Людмила Ивановна Коновалова (Котлярова) (слева) с сослуживицей, 1945 год
Что мне больше всего запомнилось во время боев? Случай при форсировании Одера. Перед этим к нам приплыла с той стороны девушка, которая рассказала, что ее угнали на работу в Германию, но она сумела бежать к нам. А оказалась шпионкой: разведала расположение наших частей, и вызвала артиллерийский огонь. Били очень точно, я побежала к расположенному неподалеку блиндажу, который был разворочен точным попаданием. Страшно по дороге пришлось, снаряды падали то впереди, то позади.
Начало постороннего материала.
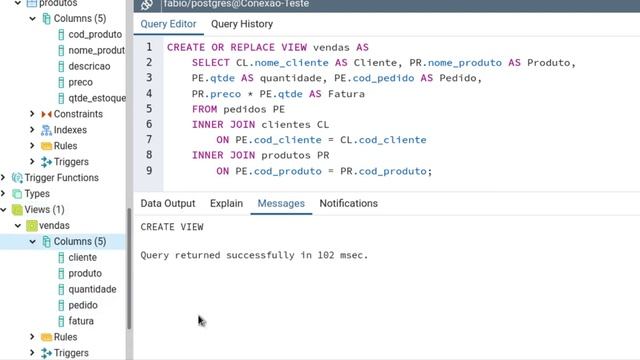 Curso de PostgreSQL - Como criar e executar VIEWS смотреть онлайн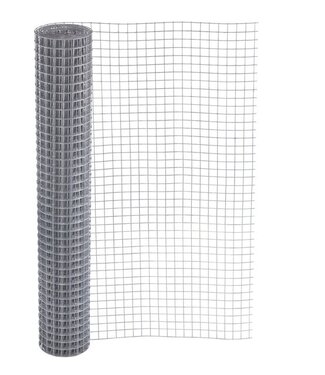 Garza per voliere 25x25mm 2,00mm 100cm x 1m acciaio inox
Как прибежала, то увидела три трупа знакомых ребят. А дальше услышала стон, спустилась вниз, и нашла раненного полковника. У него в животе была маленькая дырочка, из которой хлестала кровь. Бросилась к нему, вправила кишки и перевязала рану. Знаете, к тому времени я уже привыкла к тому, что раны главное не промывать, а сразу же бинтовать. При этом все выздоравливали, и никто не подхватил заражение крови. Тот полковник выжил, и в качестве благодарности за спасение передал мне сапожки и шинель из комсоставских запасов. А передачу той шпионки наши особисты засекли, арестовали ее, она во всем призналась. Повесили предательницу.
В начале 1945-го меня назначили телефонисткой, и быстренько послали в 53-й учебный батальон связи учиться на телеграфистку. Но ее из меня не вышло, потому что как только приняла ключ, сначала работала хорошо: точка, тире, а потом у меня пошла одна линия, и все, нужно было начинать все с самого начала, но я попросилась назад в свою часть, где мне присвоили звание ефрейтора и назначили в штаб батальона.